Cannabis-Desserts: 10 Ideen fuer die Suessen
Brownies sind erst der Anfang. Von Mousse au Chocolat bis Madeleine – Cannabis macht jedes Dessert besonderer. Hier kommen 10 Ideen mit Schwierigkeitsgrad, Zeitaufwand und dem einen Tipp, der alles besser macht.
Cannabis-Butter und Cannabis-Oel lassen sich in nahezu jedes Dessert-Rezept integrieren. Das Grundprinzip ist immer gleich: Die Cannabutter ersetzt normale Butter 1:1, Cannabis-Oel ersetzt normales Pflanzenoel. Die Herausforderung liegt in der praezisen Dosierung – Desserts werden oft in kleinen Stuecken gegessen, jedes Stueck muss gleich stark sein.
| Dessert | Schwierigkeit | Zeit | Key-Tipp |
|---|---|---|---|
| Brownies | ★★☆ | 45 Min | Nicht ueber 170°C backen |
| Cookies | ★★☆ | 30 Min | Teig 30 Min kuehlen vor dem Backen |
| Gummies | ★☆☆ | 20 Min + Kuehlen | Cannabis-Oel gut einemulgieren |
| Panna Cotta | ★★☆ | 15 Min + 4h Kuehlen | Cannabis-Oel mit Sahne emulgieren (Stabmixer) |
| Mousse au Chocolat | ★★★ | 30 Min + 2h Kuehlen | Cannabutter mit Schokolade schmelzen |
| Tiramisu | ★★★ | 40 Min + ueber Nacht | Cannabis-MCT-Oel in Mascarponecreme |
| Churros | ★★☆ | 35 Min | Cannabutter im Teig, nicht im Dip |
| Waffeln | ★★☆ | 25 Min | Waffeleisen nicht zu heiss |
| Eiscreme | ★★★ | 30 Min + 6h Gefrieren | Lecithin fuer gleichmaessige Verteilung |
| Madeleine | ★★☆ | 35 Min | Braune Beurre Noisette = mehr Aroma |
Cannabis-Desserts Guide: Das Wichtigste
- Fett ist Freund: Desserts haben hohen Fettgehalt — optimale THC-Absorption in Schokolade, Sahne, Butter
- Temperaturkontrolle: Max. 175C beim Backen — keine Brownies bei 200C
- Lecithin Pflicht: Fuer Schokolade, Gummies, Creams — Emulgierung und 20–30% hoehere Bioverfuegbarkeit
- Kleine Portionen: Desserts animieren zu Mehr — max. 2,5–5 mg THC pro Portion
- Beschriften: Cannabis-Kuchen, -Kekse, -Pralinen immer kennzeichnen — besonders bei Gaesten und Familienfeiern
Die 3 wichtigsten Regeln fuer Cannabis-Desserts
1. Backtemperatur beachten
THC beginnt ab 120 Grad zu verdampfen. Die meisten Backrezepte brauchen 160 bis 180 Grad. Da das Cannabis im Teig von anderen Zutaten umgeben ist, ist die tatsaechliche Kerntemperatur waehrend des Backens deutlich niedriger – meist 70 bis 90 Grad. Trotzdem gilt: nicht ueber 175 Grad gehen, und nie zu lange backen.

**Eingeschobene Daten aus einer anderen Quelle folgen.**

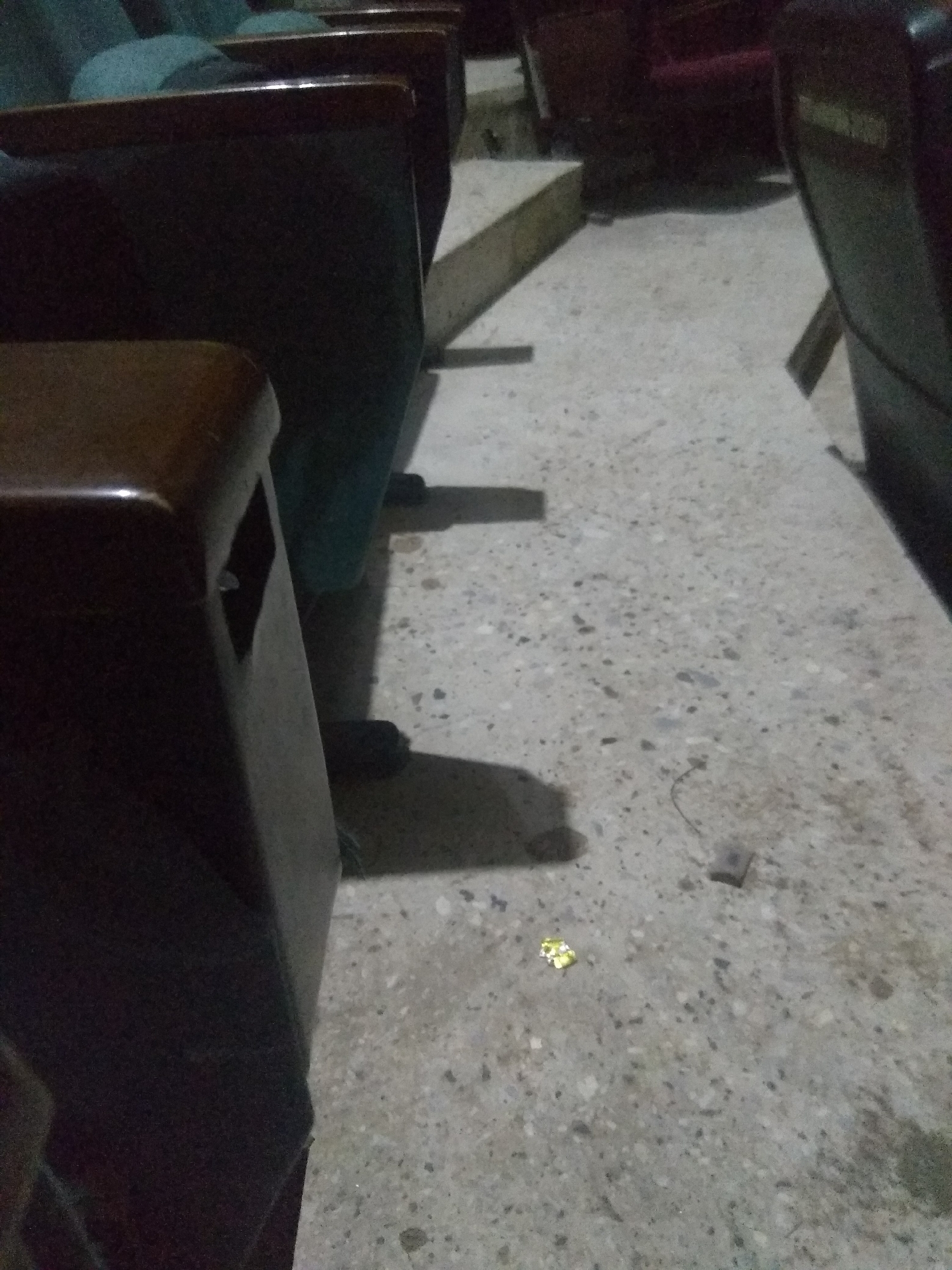 The image depicts an interior scene, likely a theater or lecture hall, with rows of empty seats and a textured floor. In the foreground, a portion of a dark-colored seat armrest is visible, with a small, reflective object on the floor near it. The floor is a light gray concrete with dark specks, typical of public spaces. Shadows from the seats are cast across the floor, suggesting the presence of overhead lighting, though none is directly visible. The background shows more seats and a raised area that might be a step or stage. The overall impression is one of quiet and disuse. The context of Jalingo, Nigeria, would place this scene in a specific urban environment within that country, potentially within an educational institution, entertainment venue, or government building.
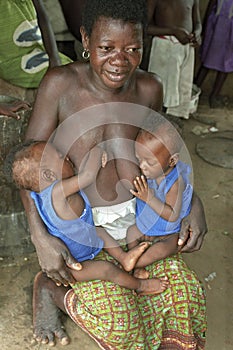 Ghanaian Mother breastfeeding twins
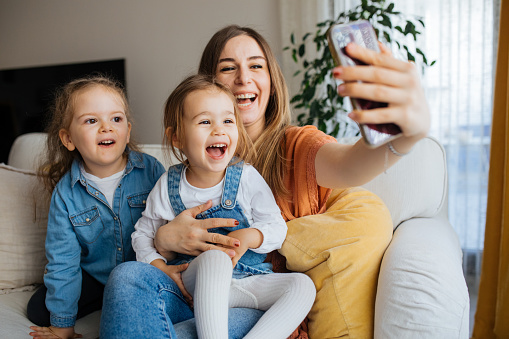 Cheerful mother holding smartphone making selfie with daughters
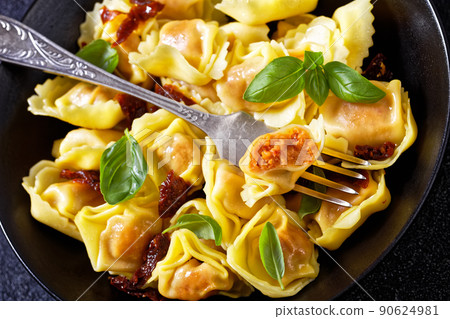 italian Tortelloni stuffed with sun dried tomatoes italian Tortelloni stuffed with sun dried tomatoes 90624981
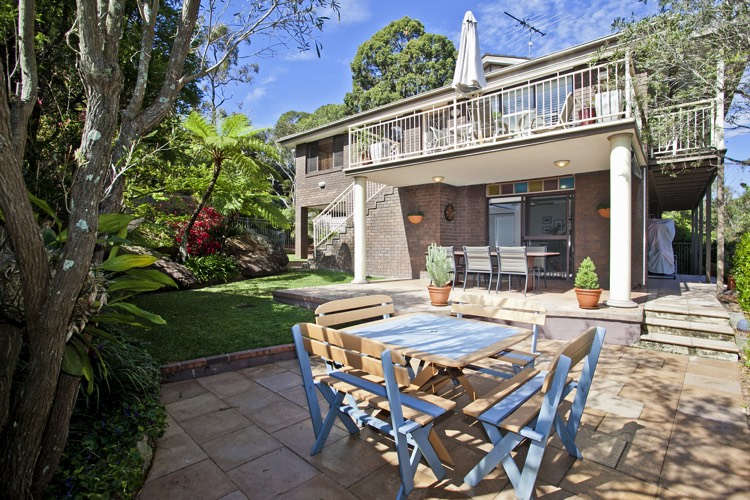 Aménagement d'un extérieur maison avec petit salon en bois bleu. Maison à étages blanche à pierres avec jardin moderne zen doté d'une belle pelouse.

2. Gleichmaessige Verteilung sichern
Das kritischste Problem bei Desserts ist Ungleichmaessigkeit. Fuer Brownies und Kekse: Cannabutter gleichmaessig im Teig verruehren. Fuer Cremes und Moussen: Stabmixer oder Ruehrbesen verwenden. Fuer Gummies und Eiscreme: Lecithin als Emulgator einsetzen.

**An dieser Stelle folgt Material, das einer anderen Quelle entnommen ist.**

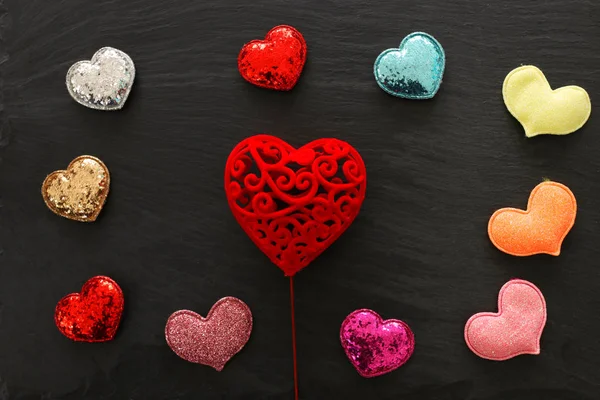 Concepto de San Valentín. corazones de purpurina roja sobre fondo negro. Composición laica plana — Foto de Stock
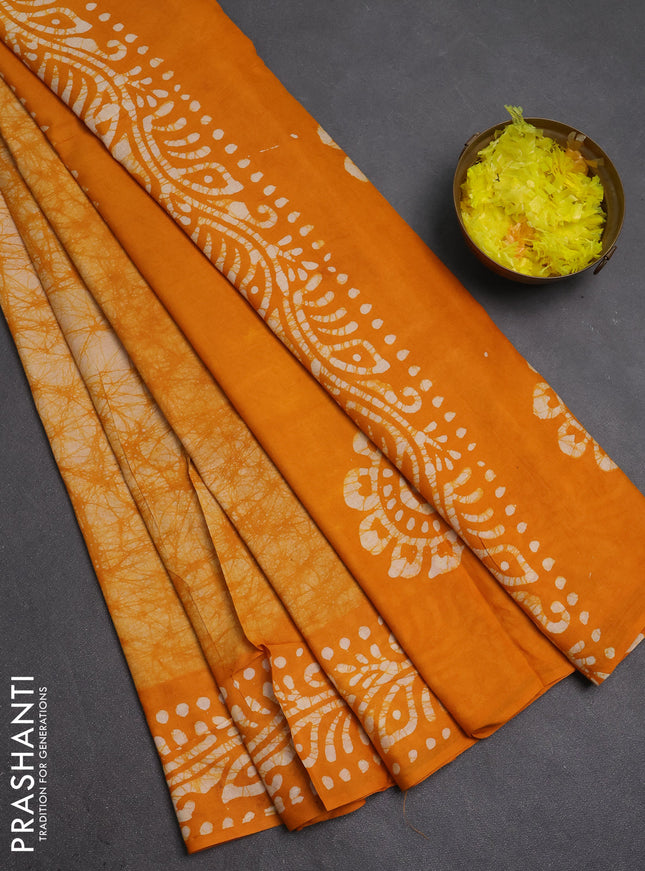 Batik cotton saree mango yellow with allover prints and batik printed border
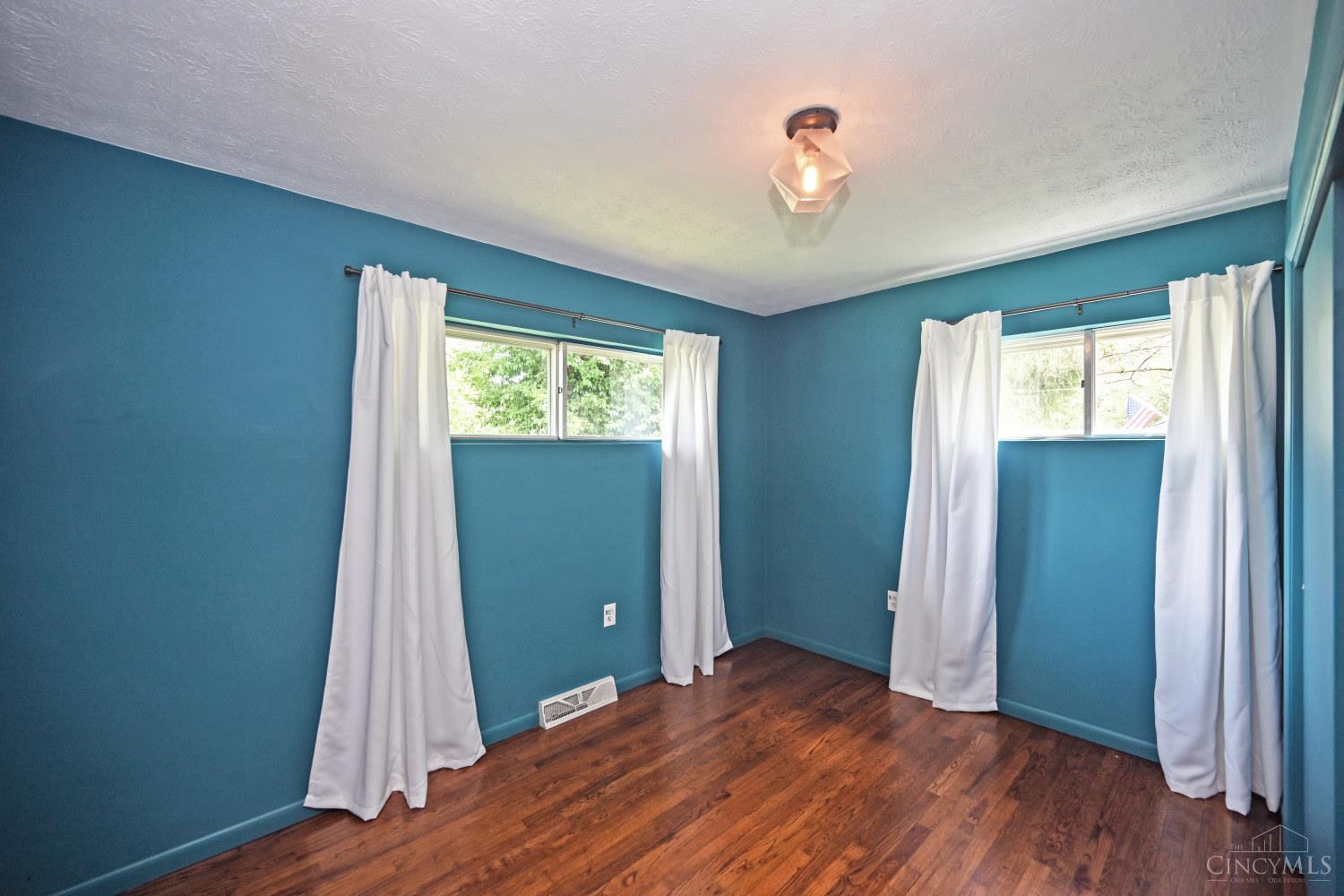 Empty room with teal walls, two curtained windows, and dark hardwood floors.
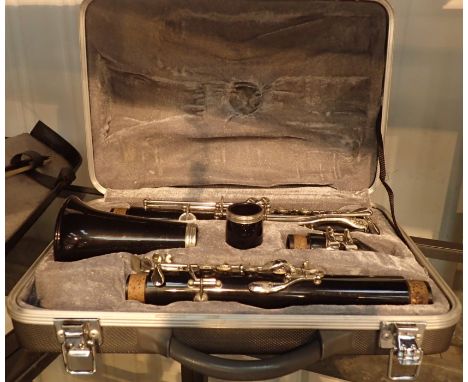 Cased Kinsman five piece clarinet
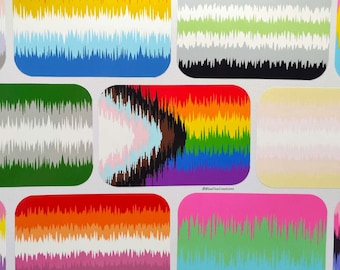 May include: A set of colorful stickers featuring different pride flags with a wavy, textured design. The flags include the transgender, bisexual, lesbian, gay, pansexual, and asexual pride flags.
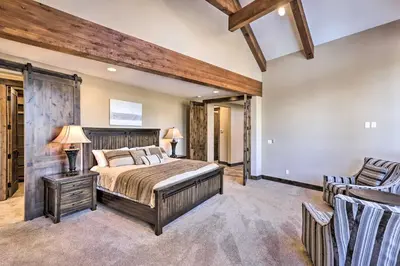 a bedroom with a large bed and a chair at 3 Fireplaces and Mtn View Luxe Home in Breckenridge in Breckenridge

3. Dosierung pro Stueck berechnen
Wer ein Rezept mit 100 mg THC in 20 Kekse aufteilt, bekommt 5 mg pro Keks. Klingt logisch – aber funktioniert nur, wenn alle Kekse gleich gross sind und der Teig gleichmaessig verteilt wurde. Hier hilft der Dosierungsrechner.
Welches Dessert fuer Einsteiger?
Gummies sind paradoxerweise das einfachste Cannabis-Dessert, weil keine Hitze benoetigt wird und die Dosierung praezise kontrollierbar ist. Einfach Cannabis-Oel in die Gelatine-Mischung einruehren, in Formen fuellen, kuehlstellen. Jede Gummy hat dieselbe Dosis.
Brownies sind beliebt, aber sie verzeihen keine Dosierungsfehler. Ein erfahrener Brownie-Baecker mit perfekt dosierter Cannabutter ist bei Brownies im Vorteil. Einsteiger starten besser mit Gummies oder einzel-portionierten Keksen.